I think the friction in the syringe won't make the measurement precise.
I'm no chemist but this is an idea:
Put the aluminium in an erlenmeyer flask.
Find a hose and plug to put on top of the erlenmeyer flask.
Make the hose if a U shape and pour some water into it like this.
Mark the hose to have a reference where the water is.
Add HCl to aluminium and put the plug+hose on top really fast.
The hydrogen will push on the water in the U turn and make it unequal.
Measure the inner diameter of the hose and the length of hose from the reference to where the water is now.
There is some pressure created because the water is unequal in the hose.

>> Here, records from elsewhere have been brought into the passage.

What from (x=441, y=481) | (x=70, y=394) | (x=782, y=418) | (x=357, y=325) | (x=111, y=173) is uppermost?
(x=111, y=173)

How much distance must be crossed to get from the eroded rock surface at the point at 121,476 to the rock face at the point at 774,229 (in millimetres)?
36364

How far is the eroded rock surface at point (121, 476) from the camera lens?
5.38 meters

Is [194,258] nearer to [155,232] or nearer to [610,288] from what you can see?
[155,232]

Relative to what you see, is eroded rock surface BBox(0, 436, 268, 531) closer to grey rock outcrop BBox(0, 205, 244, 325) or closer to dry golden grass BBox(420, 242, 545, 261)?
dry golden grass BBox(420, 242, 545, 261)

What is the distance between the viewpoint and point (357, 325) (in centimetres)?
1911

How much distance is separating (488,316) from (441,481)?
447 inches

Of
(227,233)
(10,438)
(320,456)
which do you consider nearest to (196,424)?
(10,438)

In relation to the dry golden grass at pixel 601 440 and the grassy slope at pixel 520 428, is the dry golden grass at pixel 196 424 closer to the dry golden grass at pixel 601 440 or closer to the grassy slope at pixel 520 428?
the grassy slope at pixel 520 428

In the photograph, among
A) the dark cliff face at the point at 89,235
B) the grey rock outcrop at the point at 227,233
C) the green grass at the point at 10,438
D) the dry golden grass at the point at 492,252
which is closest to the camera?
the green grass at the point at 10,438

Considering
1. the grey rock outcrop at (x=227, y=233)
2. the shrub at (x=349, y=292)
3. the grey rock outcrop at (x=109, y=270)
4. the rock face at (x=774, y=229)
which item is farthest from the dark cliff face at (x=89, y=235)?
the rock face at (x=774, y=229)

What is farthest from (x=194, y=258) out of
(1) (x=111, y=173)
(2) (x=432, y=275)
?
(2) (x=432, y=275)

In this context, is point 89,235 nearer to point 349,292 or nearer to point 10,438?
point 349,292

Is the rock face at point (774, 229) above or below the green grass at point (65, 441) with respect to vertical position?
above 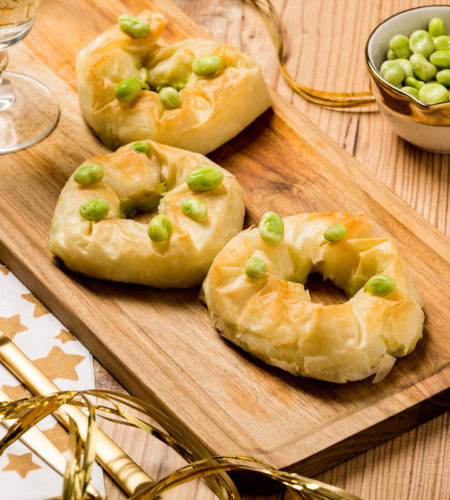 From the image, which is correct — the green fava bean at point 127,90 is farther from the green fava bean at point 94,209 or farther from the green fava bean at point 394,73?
the green fava bean at point 394,73

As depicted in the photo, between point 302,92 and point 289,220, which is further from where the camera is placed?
point 302,92

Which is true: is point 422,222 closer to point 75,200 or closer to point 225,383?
point 225,383

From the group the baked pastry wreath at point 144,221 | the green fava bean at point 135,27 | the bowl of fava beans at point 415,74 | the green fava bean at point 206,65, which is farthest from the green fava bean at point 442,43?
the green fava bean at point 135,27

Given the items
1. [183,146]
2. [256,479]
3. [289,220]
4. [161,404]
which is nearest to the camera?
[256,479]

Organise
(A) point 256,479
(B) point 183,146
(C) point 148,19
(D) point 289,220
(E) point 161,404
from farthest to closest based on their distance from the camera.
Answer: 1. (C) point 148,19
2. (B) point 183,146
3. (D) point 289,220
4. (E) point 161,404
5. (A) point 256,479

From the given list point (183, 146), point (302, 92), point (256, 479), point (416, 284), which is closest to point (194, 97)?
point (183, 146)

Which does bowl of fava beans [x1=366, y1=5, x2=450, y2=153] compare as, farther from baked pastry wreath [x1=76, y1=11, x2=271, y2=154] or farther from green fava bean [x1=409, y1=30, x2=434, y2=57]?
baked pastry wreath [x1=76, y1=11, x2=271, y2=154] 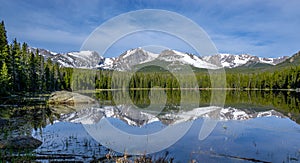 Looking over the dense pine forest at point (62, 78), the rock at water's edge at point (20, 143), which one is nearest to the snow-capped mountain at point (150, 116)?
the dense pine forest at point (62, 78)

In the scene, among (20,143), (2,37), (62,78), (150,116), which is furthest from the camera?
(62,78)

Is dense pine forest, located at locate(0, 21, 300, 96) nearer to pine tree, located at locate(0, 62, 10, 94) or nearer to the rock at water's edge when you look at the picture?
pine tree, located at locate(0, 62, 10, 94)

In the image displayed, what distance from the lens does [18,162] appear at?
10422 mm

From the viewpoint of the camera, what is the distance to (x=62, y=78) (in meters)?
110

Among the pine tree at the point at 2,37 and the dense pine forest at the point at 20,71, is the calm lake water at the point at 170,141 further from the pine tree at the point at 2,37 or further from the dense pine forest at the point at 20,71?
the pine tree at the point at 2,37

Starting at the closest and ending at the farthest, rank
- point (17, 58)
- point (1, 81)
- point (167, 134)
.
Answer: point (167, 134) < point (1, 81) < point (17, 58)

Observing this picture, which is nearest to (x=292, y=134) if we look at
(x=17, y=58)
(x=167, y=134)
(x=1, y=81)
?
(x=167, y=134)

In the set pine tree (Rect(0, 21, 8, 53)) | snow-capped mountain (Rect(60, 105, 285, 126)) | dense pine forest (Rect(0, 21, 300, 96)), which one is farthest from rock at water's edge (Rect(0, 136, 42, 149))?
pine tree (Rect(0, 21, 8, 53))

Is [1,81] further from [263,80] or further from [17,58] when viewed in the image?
[263,80]

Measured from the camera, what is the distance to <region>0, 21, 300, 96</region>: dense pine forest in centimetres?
5747

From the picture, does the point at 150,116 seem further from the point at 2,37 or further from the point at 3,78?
the point at 2,37

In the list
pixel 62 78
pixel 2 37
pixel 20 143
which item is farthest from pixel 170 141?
pixel 62 78

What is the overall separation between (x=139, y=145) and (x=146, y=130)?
16.0ft

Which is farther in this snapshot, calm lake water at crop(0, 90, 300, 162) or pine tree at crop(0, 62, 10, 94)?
pine tree at crop(0, 62, 10, 94) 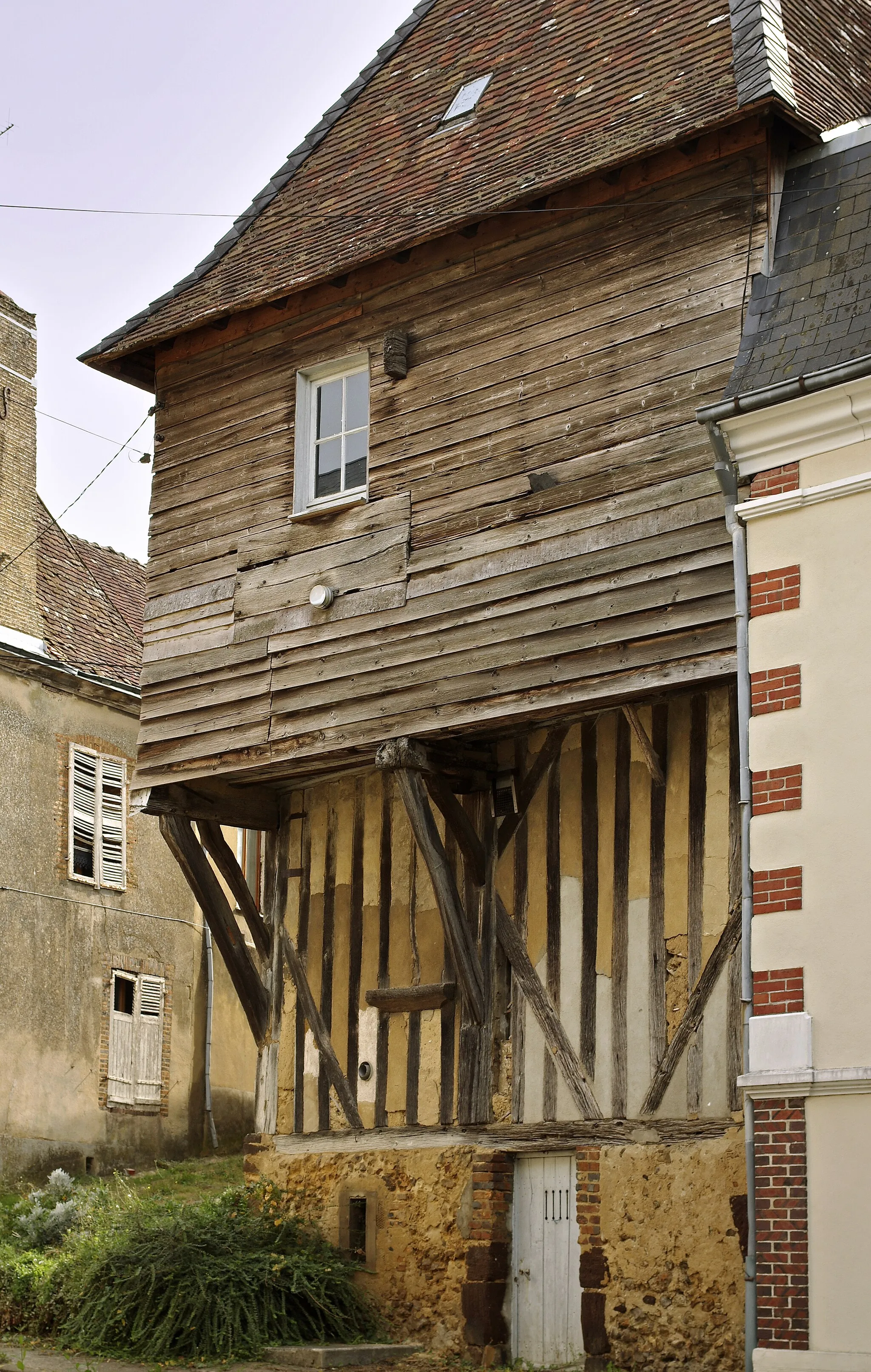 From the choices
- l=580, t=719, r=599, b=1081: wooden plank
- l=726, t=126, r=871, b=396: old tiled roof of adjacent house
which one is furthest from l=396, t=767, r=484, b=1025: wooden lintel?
l=726, t=126, r=871, b=396: old tiled roof of adjacent house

Measure the difference in height between the two columns of water. Figure out the pressure given the given column of water with this.
Use PV=nRT to compute n.
The reaction is exothermic so T might not be room temperature.

or

Put the acid and the aluminium in the syringe, plug the end of the syringe and see how much it expands. Although you wouldn't want a syringe under pressure with HCl in it. Also make sure the syringe is larger than 40mL, more like 50mL.